Where in Paris can you take in some Dutch masters including Rembrandt, ceilings by Tiepolo, medieval Venitian and Florentine works (Uccello, Botticelli), a Vigié-Lebrun portrait and watercolors and oils by JMW Turner ? The Louvre of course, but there’s a better place. More intimate, less crowded, very personal and just the right size for a couple hours visit without wearing you out is the Musée Jacquemart André. This museum is an art history text book in one concise and pleasant space. Swoon.
Visitors, then and today, quickly sense this unique place is not only a museum, above all it is a home. Moving through the house, visitors feel the warm atmosphere of a home and the owner’s personalities. There is a certain eclecticism.
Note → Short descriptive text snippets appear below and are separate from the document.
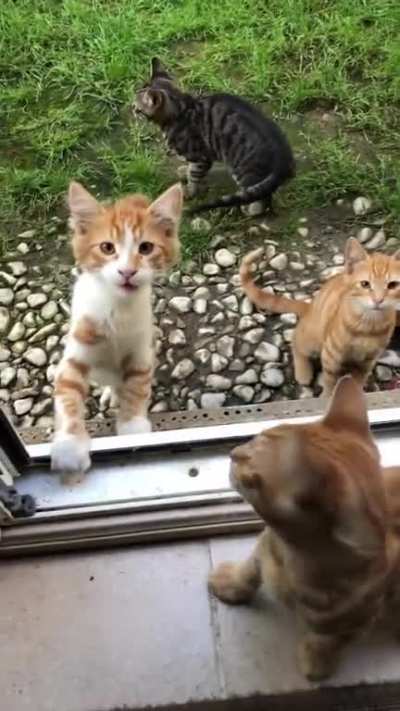 the boys are HUNGRY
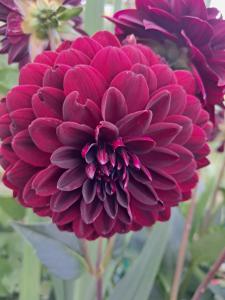 Foto dalla galleria di BEllA a Sinj (Signo)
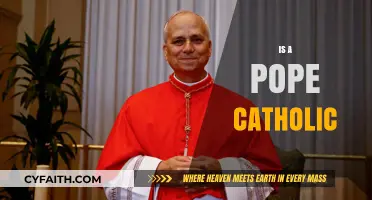 Is a Pope Catholic? Exploring the Faith of the Pontiff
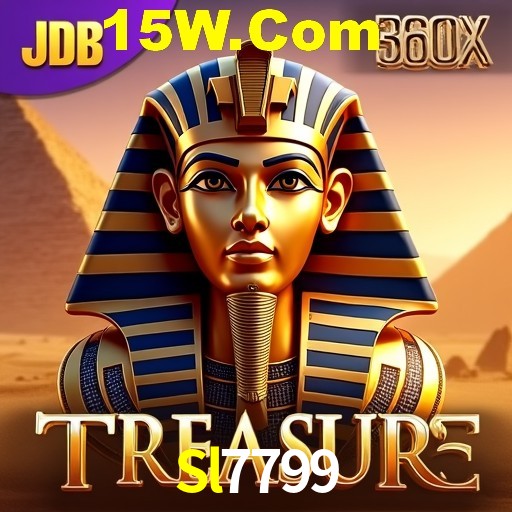 Bonus Features Sl7799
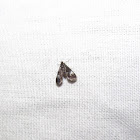 Duckweed Moth
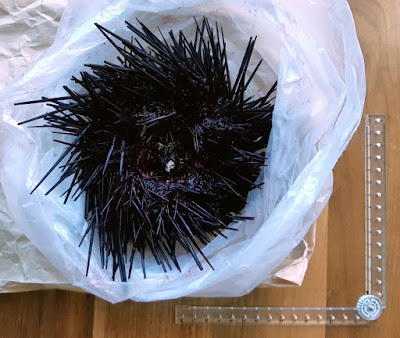 Unopened sea urchin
The couple had no descendants and thus left their entire, carefully selected, collection and their hotel particulier to the Institut de France. It is thus intact as it was when they died and it was converted into a museum. They spent their lives collecting exquisite pieces of art from all over Europe. Nélie and Edouard didn’t just bring home the easy to transport tableaux and souvenirs form their voyages. They also sought out and transported sculpture, furniture, wood paneling and ceilings and installed them in their sumptuous home. Imagine doing that when steam trains and ships were the best modes of transport to work with! The permanent collection is a real bijou and contains priceless works. Swoon.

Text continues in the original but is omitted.